§ **What is being asked**
Write out word for word the lines from the one holding "Fantasy Botanical Sheer Mesh Long Shirt" through the end of the data, and only those lines. Pictures stay out.
[Collected data Boundary: Start]
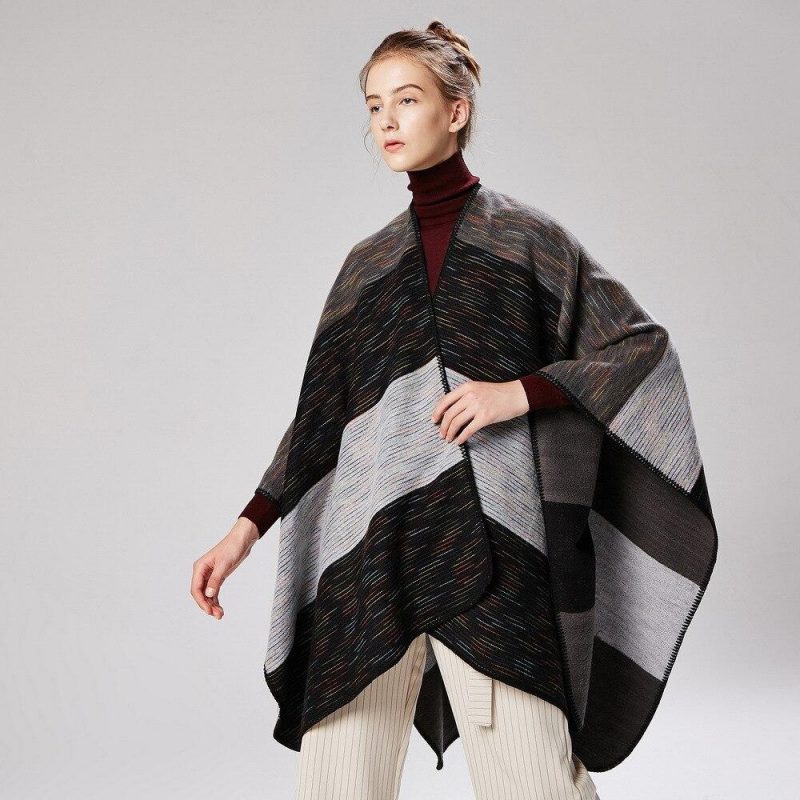 cape poncho femme 891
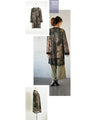 Fantasy Botanical Sheer Mesh Long Shirt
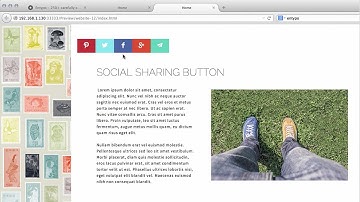 MuseThemes.com - Social Sharing Button Widget | Adobe Muse CC 2014 Tutorial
[Collected data Boundary: End]
§ **Problem solution**
 Fantasy Botanical Sheer Mesh Long Shirt
 MuseThemes.com - Social Sharing Button Widget | Adobe Muse CC 2014 Tutorial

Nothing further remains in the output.